The reply should contain the full listing exactly as written and no pictures at all.

Available data:
=====

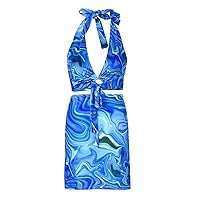Women's Summer Butterfly Version Printed Slim Fit Sexy Lace Up Backless Elastic Dresss Womens Beach Dress
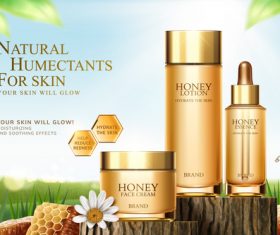 Honey humectants cosmetics poster template vector 03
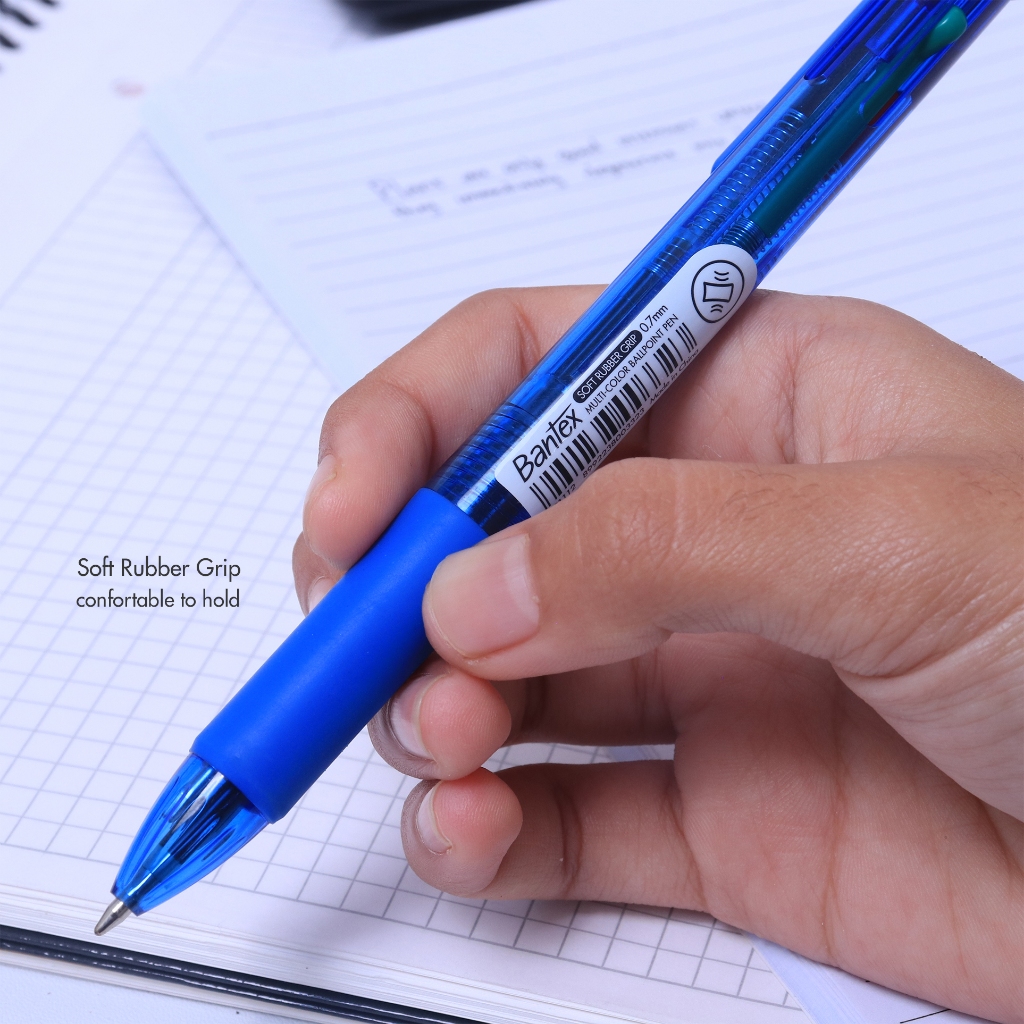 Bantex Pulpen 0.7 mm 4 Warna / Ballpoint Pen Pegangan Karet Lembut BG1112 (4)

=====

Your response:
Women's Summer Butterfly Version Printed Slim Fit Sexy Lace Up Backless Elastic Dresss Womens Beach Dress
 Honey humectants cosmetics poster template vector 03
 Bantex Pulpen 0.7 mm 4 Warna / Ballpoint Pen Pegangan Karet Lembut BG1112 (4)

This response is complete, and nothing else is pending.